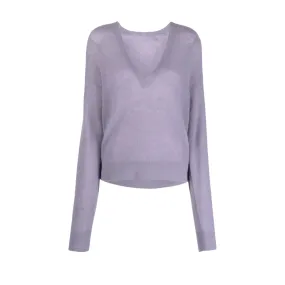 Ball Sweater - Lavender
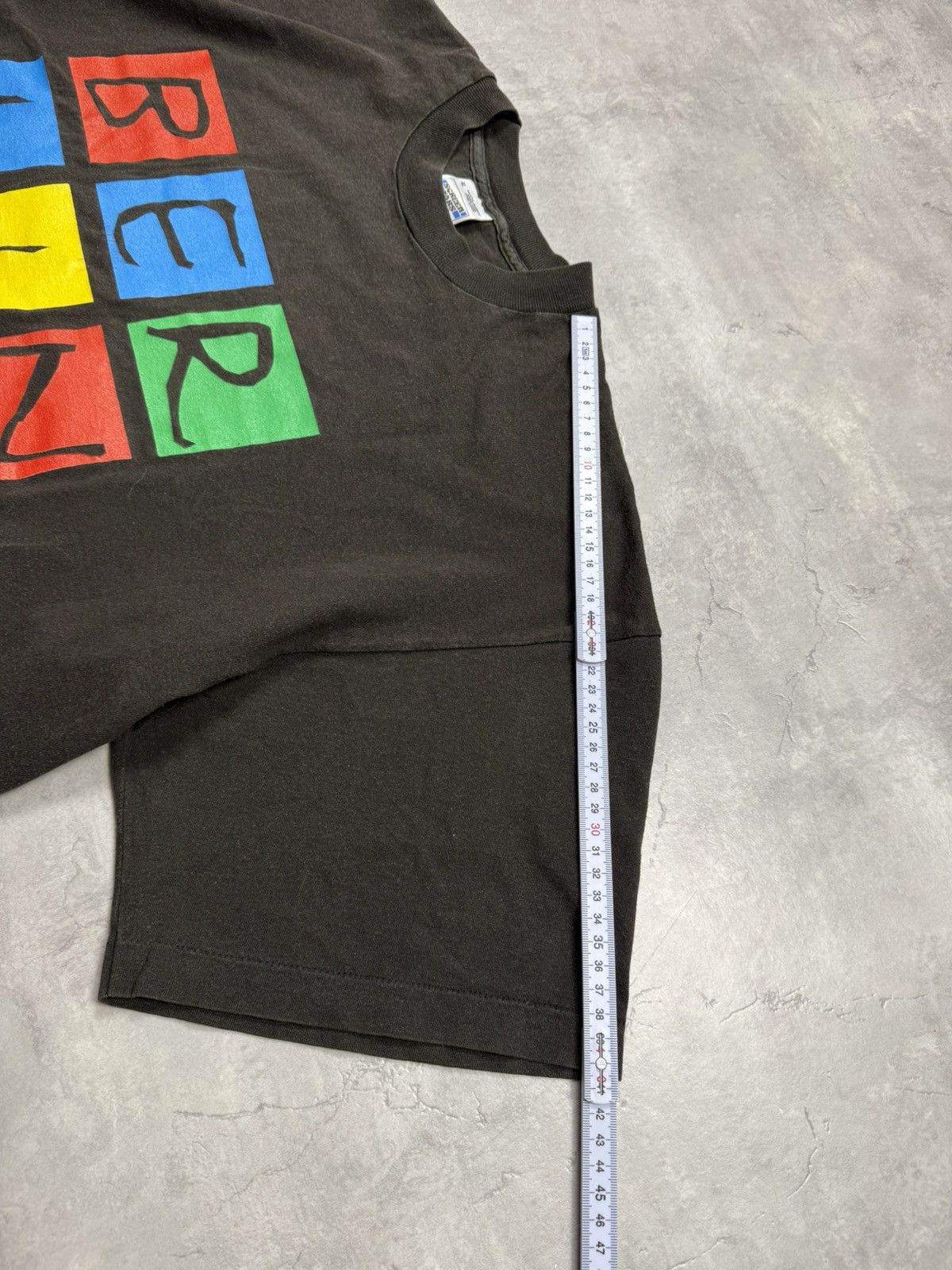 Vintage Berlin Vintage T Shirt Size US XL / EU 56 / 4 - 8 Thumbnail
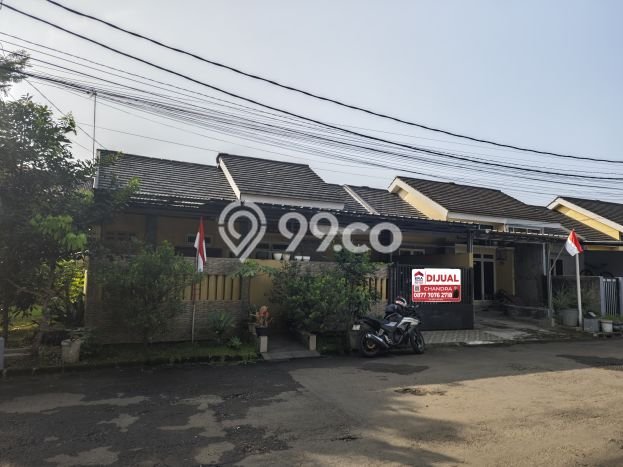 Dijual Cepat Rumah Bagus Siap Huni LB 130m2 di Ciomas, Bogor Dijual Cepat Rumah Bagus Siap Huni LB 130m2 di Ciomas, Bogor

Work to be completed - Give back every line of the material exactly as written, but not the pictures.

Output of the exercise -
 Ball Sweater - Lavender
 Vintage Berlin Vintage T Shirt Size US XL / EU 56 / 4 - 8 Thumbnail
 Dijual Cepat Rumah Bagus Siap Huni LB 130m2 di Ciomas, Bogor Dijual Cepat Rumah Bagus Siap Huni LB 130m2 di Ciomas, Bogor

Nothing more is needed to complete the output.